If you use a standard JVM like the Oracle JVM or the OpenJDK, you might find that as the heap size grows the performance of your JVM can drop as GC pause time escalates.

This tends to be a problem around 32 GB of heap, but it often depends on the application at which point the size of your heap becomes a problem.

One way around this is to use an always concurrent collector such as Azul Platform Prime which is designed to both scale to much larger heap sizes and even reduces the GC pause times for smaller heap consistently.

Dataset larger than main memory?

What if your dataset sizes are larger than main memory? At this point using the heap doesn’t scale and you need a data store off heap.

This could be a database, NoSQL, but these can be dramatically slower depending on what you are doing.

Chronicle supports a huge, persisted dataset.

Chronicle Queue and Chronicle Map allows you to have a persisted store which can be embedded into multiple JVMs on the same server.

How does it perform when you exceed main memory size?

In this article, we look at Chronicle Queue with favouring for sequential access, scales very well, and shows a little slowdown.

What does a JVM which is over 1 TB in virtualize look like?


Figure 1. top on a machine with 128 GB of memory, and a JVM with 1 TB of queue data

In this example, the JVM with 1 TB of data reports that 0.111t or 111 G is in memory, though the virtual size is 1.281t or 1,281 GB (with heaps and indexes)

But how does it perform? It must get slower.

If you attempted to create and use a 1 TB heap on a machine with 128 GB of memory, it would either fail to start, or with some tuning, start but make your machine unusable.

How much does using Chronicle Queue to store the data slow down?

In this test, it writes a burst of 2 million 512 bytes message (1024^3 bytes of data), it then reads the data and waits 8 seconds to let the disk catch up. While the burst rate is about 1 GB/s, the underlying disk doesn’t have the write speed and for this test, it averages about 100 MB/s. It takes about 2.5 hours to write 1 TB.

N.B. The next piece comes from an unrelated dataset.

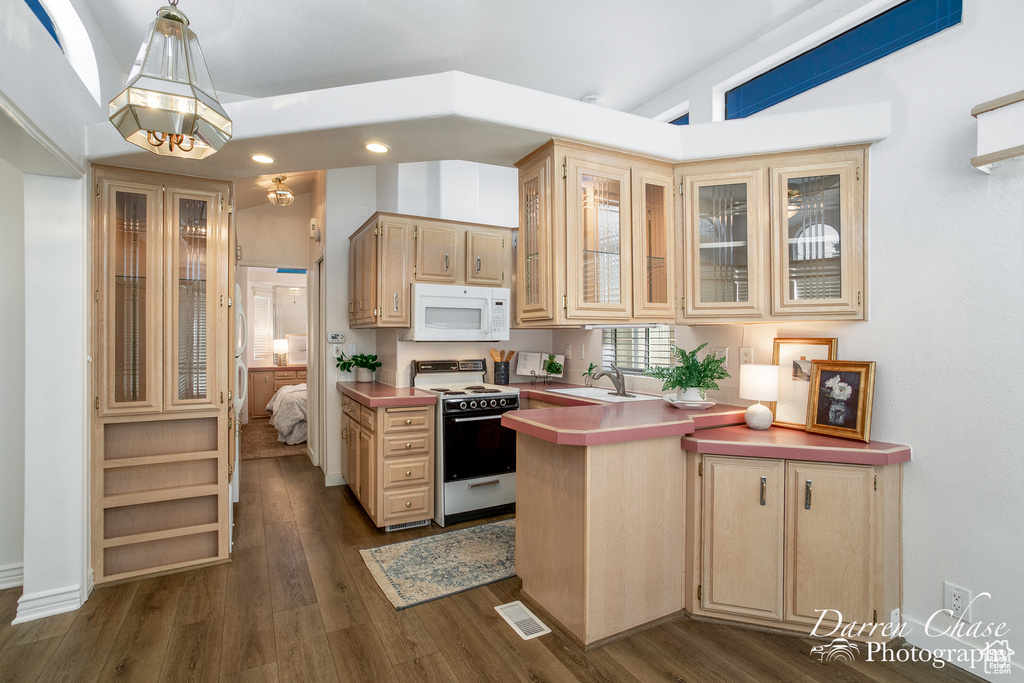 Kitchen featuring light brown cabinets, white appliances, dark wood-type flooring, and sink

Figure 2. The read time is fairly consistent for this test

We would expect reads to be consistent as we are always reading something we just wrote.

While the machine has 128 GB of memory, it has two NUMA regions of 64 GB. This shows around 64 GB has been written.
The write performance is more dramatic. There is also significant variation as it has to find new memory to write to.

This can be mitigated by using a pretouch() call to pre-allocate memory to write to. Normally, this would be run in a background thread, but for the purposes of this test, it was run in the same thread but not timed.

Figure 3. The write time is fairly consistent beyond 192 GB

The average time to write a GB for the first 64 GB was 885 ms. From 256 GB in size, this takes an average of 1,084 ms which is an increase of 22%.

However, let us consider that the alternative is to pump 2 million records (1 GB) of data to a database, and query it to get the data back. By having it in the JVM, we can read 2 million records in as little as 200 ms using just one thread.

Conclusion

Chronicle Queue performs very well up to the limit of main memory and beyond.

It uses very little heap and has only a notional impact on GC pause times even if the dat set size is many times the main memory.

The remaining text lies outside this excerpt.